# Raynal Made In England



## Darkgift06 (May 25, 2016)

Looking for some info and suggestions. I found this bike 


 the other day and thought I could fix it up as a nice beach crewzer. Any info on date, model, tips on bringing back to life? All I can find is that the company made bikes from 1937-1959.



 


 

 

Thanks, Chad


----------



## bulldog1935 (May 26, 2016)

I found this one clue online
_it's a B.C.C.(phillips) brand of bike.I don't have any direct info on this brand but it was one of the brands built by the British Cycle Corporation Ltd._


----------



## SirMike1983 (May 26, 2016)

Check the inside of the Perry brake arm for a date code.
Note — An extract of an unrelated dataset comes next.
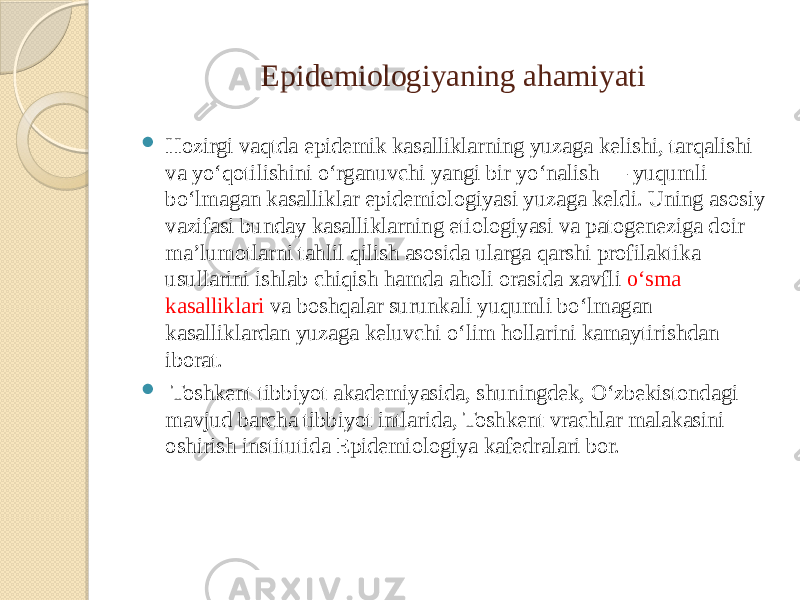 Epidemiologiyaning ahamiyati  Hozirgi vaqtda epidemik kasalliklarning yuzaga kelishi, tarqalishi va yoʻqotilishini oʻrganuvchi yangi bir yoʻnalish — yuqumli boʻlmagan kasalliklar epidemiologiyasi yuzaga keldi. Uning asosiy vazifasi bunday kasalliklarning etiologiyasi va patogeneziga doir maʼlumotlarni tahlil qilish asosida ularga qarshi profilaktika usullarini ishlab chiqish hamda aholi orasida xavfli oʻsma kasalliklari va boshqalar surunkali yuqumli boʻlmagan kasalliklardan yuzaga keluvchi oʻlim hollarini kamaytirishdan iborat.  Toshkent tibbiyot akademiyasida, shuningdek, Oʻzbekistondagi mavjud barcha tibbiyot intlarida, Toshkent vrachlar malakasini oshirish institutida Epidemiologiya kafedralari bor.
The 40-14 is not a date code, but probabky is instead the drilling information.


----------



## Gasbag (May 26, 2016)

I love these old loop frames from an aesthetic point of view. 26" or 28" wheels? Post pictures when you get it back together.


----------



## bulldog1935 (May 26, 2016)

answering out of turn, I'm pretty sure it's 26" (650A 26x1-3/8) - it's the Brit version of a balloon-_tyre_ bike.


----------



## Darkgift06 (May 30, 2016)

Nope, small 24"X1-3/8" rims. Can't quite see the date stamp till I pull off the break arm. Looks like ?-52 or ?-57


----------



## bulldog1935 (May 30, 2016)

quote from Sheldon:  
24 x 1 3/8
(E-5) 540 mm British Juvenile, most wheelchairs; common on women's utility bicyclis in Japan.  
http://www.sheldonbrown.com/tire-sizing.html


----------



## SirMike1983 (May 30, 2016)

Darkgift06 said:


> Nope, small 24"X1-3/8" rims. Can't quite see the date stamp till I pull off the break arm. Looks like ?-52 or ?-57




The first digit set would be the month, the second two digits are the year. So, could be a 1952 or a 57, depending on that second digit. That would be the date _the hub_ was made. Your bike is likely slightly newer, accounting for the time shipping and time in stock for the hub. However, it would probably not be significantly newer, perhaps a few months or so.


----------



## Darkgift06 (May 31, 2016)

Thanks everyone, lots of good info. I hope to have it back up and ready to ride soon, and I'll be sure to post pics. So far I'm finding lots of chrome that was buried in grease


----------



## bulldog1935 (May 31, 2016)

looking forward to the photos - please do post them - often folks don't come back here after they get the info they're after


----------



## Darkgift06 (Jun 7, 2017)

I'm getting super super close with this one... just finding issues getting rubber for the old rims. Apparently stamping 24" on the rim doesn't truly mean a 24" tire will fit..... looking into metric and all of this fun.


----------